Recorded data:
◆ ◆ ◆ ◆ ◆

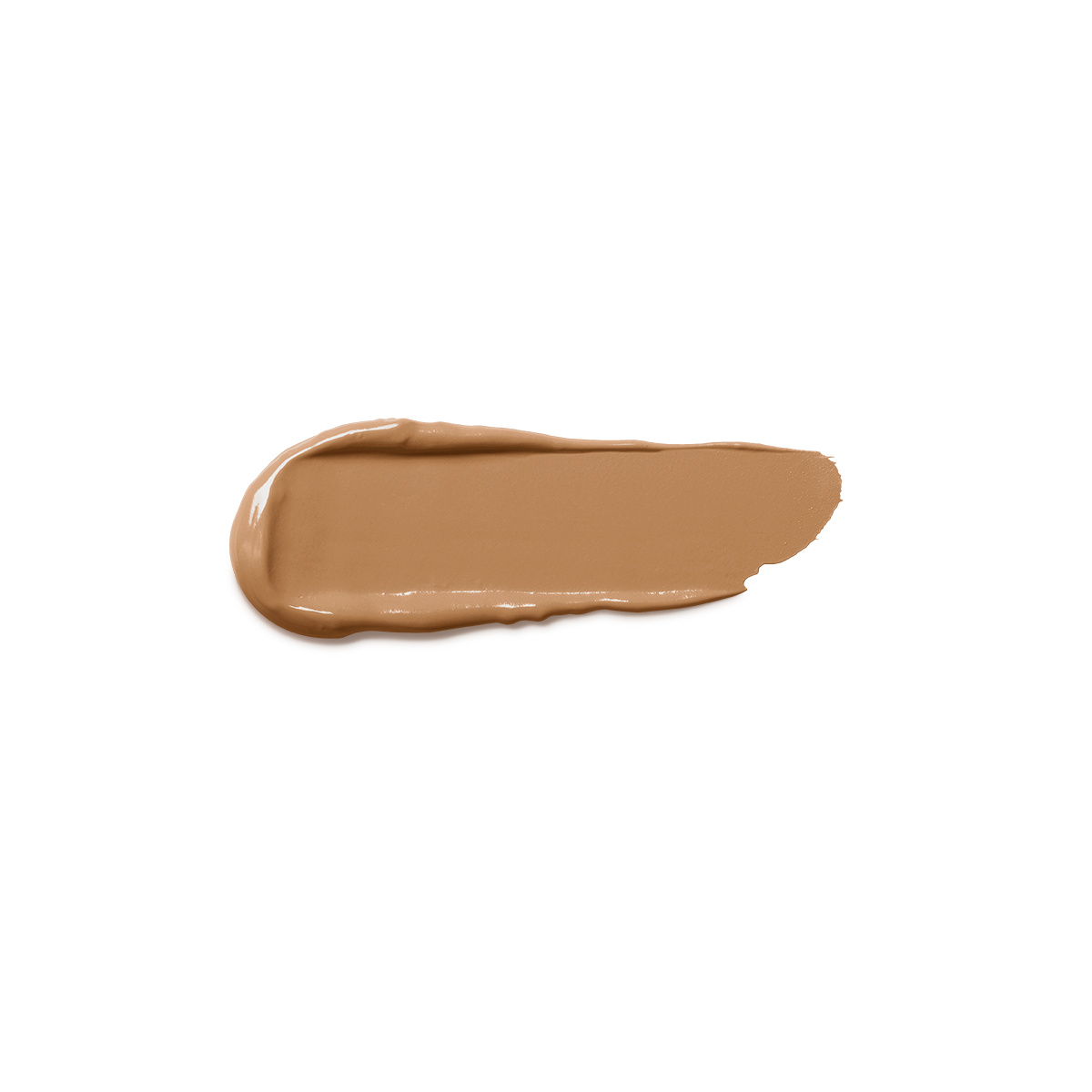 Thumbnail - Full Coverage 2-In-1 Foundation & Concealer 49 - NG110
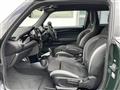 2023 BMW MINI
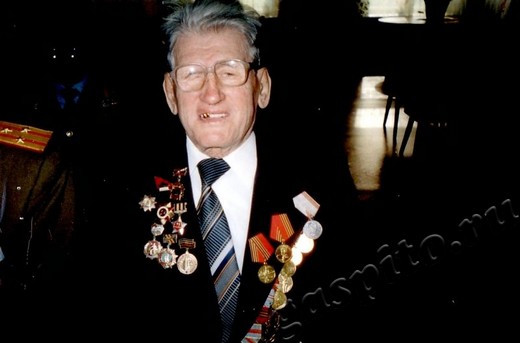 Подробнее о статье Ед.хр. 297, Ед.уч.4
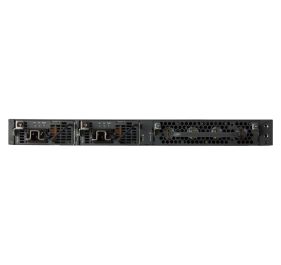 HPE Aruba JY854A Data Networking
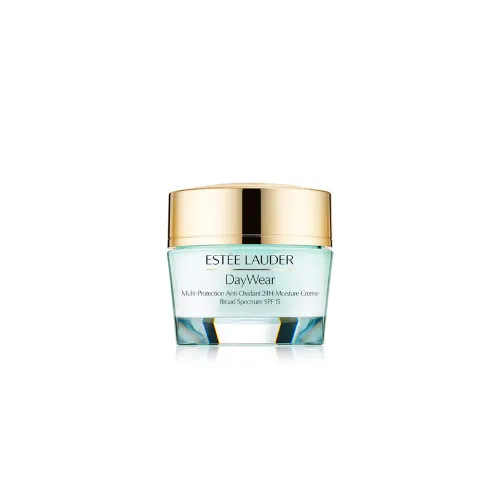 Estée Lauder DayWear Multi-Protection – Anti-Oxidant 24H-Moisture Creme - 1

◆ ◆ ◆ ◆ ◆

Problem:
Starting with the line that holds "2023 BMW MINI", copy every line exactly through the final line of the material, but skip the pictures.

Result of this task:
 2023 BMW MINI
 Подробнее о статье Ед.хр. 297, Ед.уч.4
 HPE Aruba JY854A Data Networking
 Estée Lauder DayWear Multi-Protection – Anti-Oxidant 24H-Moisture Creme - 1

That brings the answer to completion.